Once personas were identified and I had gained a better understanding of the industry, I began constructing T-REX’s design system using Brad Frost's Atomic Design methodology, starting at the atomic level. While I incorporated elements adopted from Bootstrap, I added some customized elements to differentiate our software. I adhered to a few key principles, including ensuring that elements were built on a 1rem (16px) foundation and maintaining color consistency for clear communication


After establishing the atomic levels, I progressed to crafting the components (molecules), navigating between the Bootstrap framework and finding ways to deviate from a typical Bootstrap application. Recognizing our personas, I instituted a hard rule: all clickable and interactive elements should be blue. Observing individuals who are less accustomed to modern applications revealed their confusion over what they considered interactive. By creating a consistent "blue" pattern—although unconventional in more popular design methodologies—it was an effort to provide an inclusive solution for this group of users.

Customer Interviews

When conducting customer interviews, I would present low-fidelity prototypes and pose open-ended questions to gather feedback on proposed features. One discovery from our target audience was that high-fidelity prototypes often left them confused, making them wonder if they were viewing the actual site. They also became overly focused on any incorrect data. As a result, I realized that filler text and numbers needed to be replaced with more realistic-looking data in low-fidelity designs to lessen confusion about what they were looking at.

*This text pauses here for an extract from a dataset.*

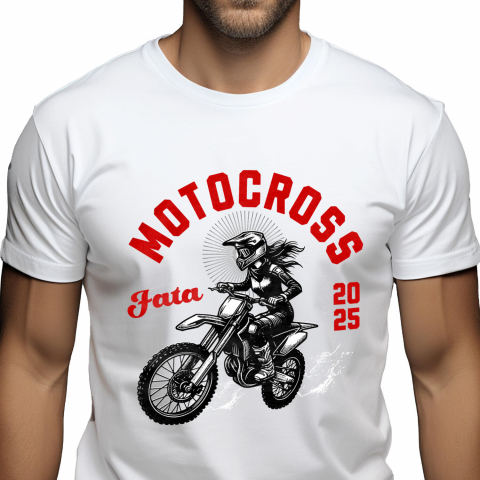 Tricou Femei, Barbati, Copii, Fata, Baiat, Unisex Personalizat Fată Motociclistă – Pasiune pentru Motocross și Adrenalină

My note-taking process began with obtaining customer consent to record the sessions. After each recording, I would extract the audio and use a process in Google Colab that employed AI to generate text transcripts from the audio. Once transcribed, I would highlight notable quotes or observations and organize them in a Confluence table for team members to review.

Requirements and Final Sign Off

With defined requirements in place, I proceeded to craft high-fidelity workflows, showing expected behaviors, validation checks, messaging, and detailing happy-path scenarios versus navigating potential pain points. Upon completion, I would schedule a meeting with stakeholders to ensure all business needs were addressed.

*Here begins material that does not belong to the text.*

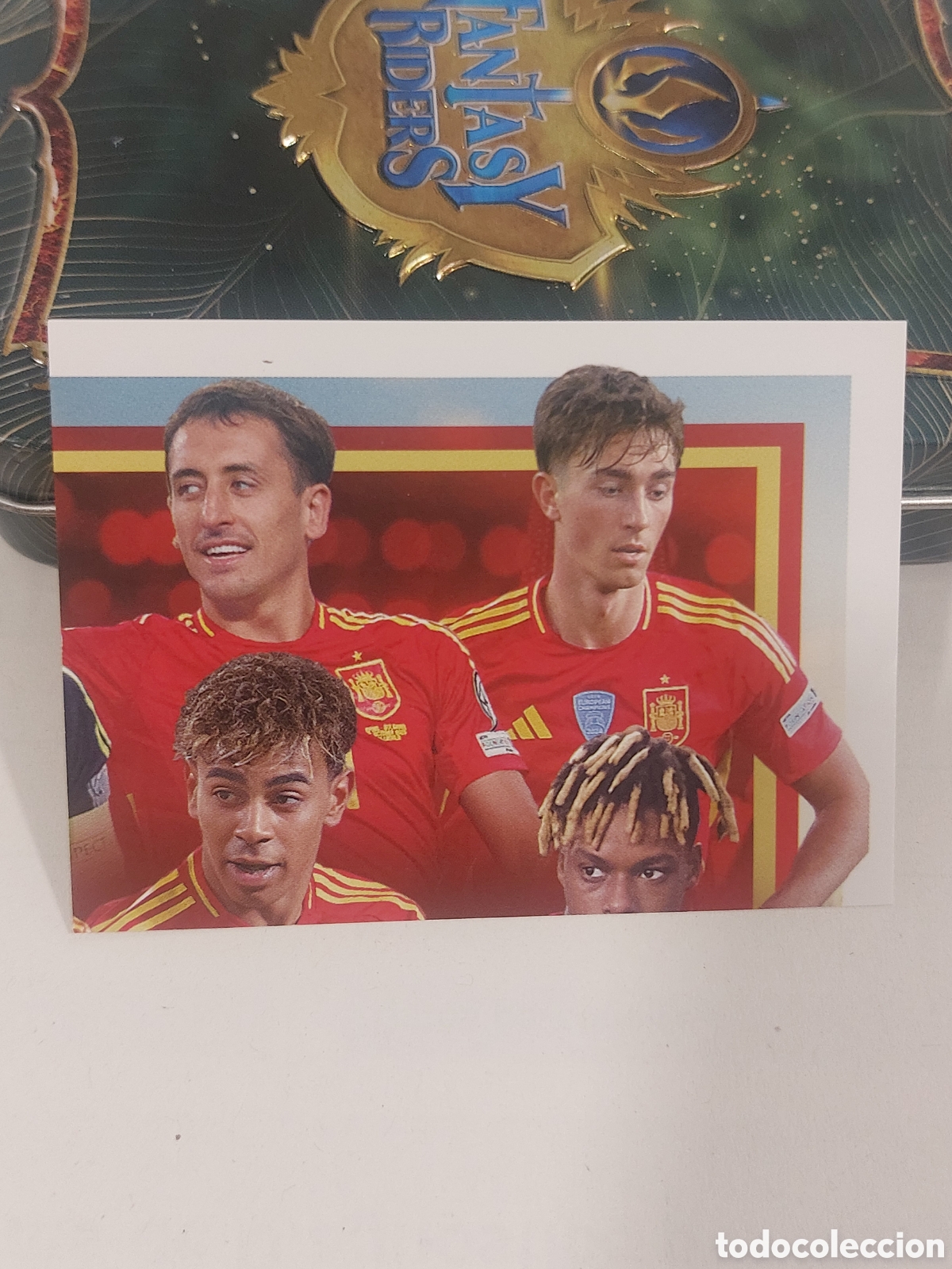 Figurine di Calcio: 62 MOSAICO TRIPTICO SELECCION ESPA&Ntilde;OLA CARREFOUR ESPA&Ntilde;A 2026 26 STICKER SIN PEGAR PANINI LAMINE YAMA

With experience, I learned that sharing such intricate workflows with stakeholders could become excessive and time-consuming. I pivoted to documenting the requirements in JIRA tickets for stakeholders. We then collaboratively reviewed these tickets to ensure all requirements and business needs were accurately met. Despite this pivot, I continued to design workflows for development and QA purposes.

Design Handoff

After finalizing the walkthroughs, I created a handoff document for the developers. This guide, crafted before the update to Figma's development mode, was dubbed the 'Lego Manual.' It meticulously detailed all the components, providing specifics such as spacing, icons, font styles, colors, and behaviors.

Continued Support

Upon its completion, I collaborated with the development team to address any design questions or concerns and to negotiate potential adjustments to components or modifications to behaviors as needed.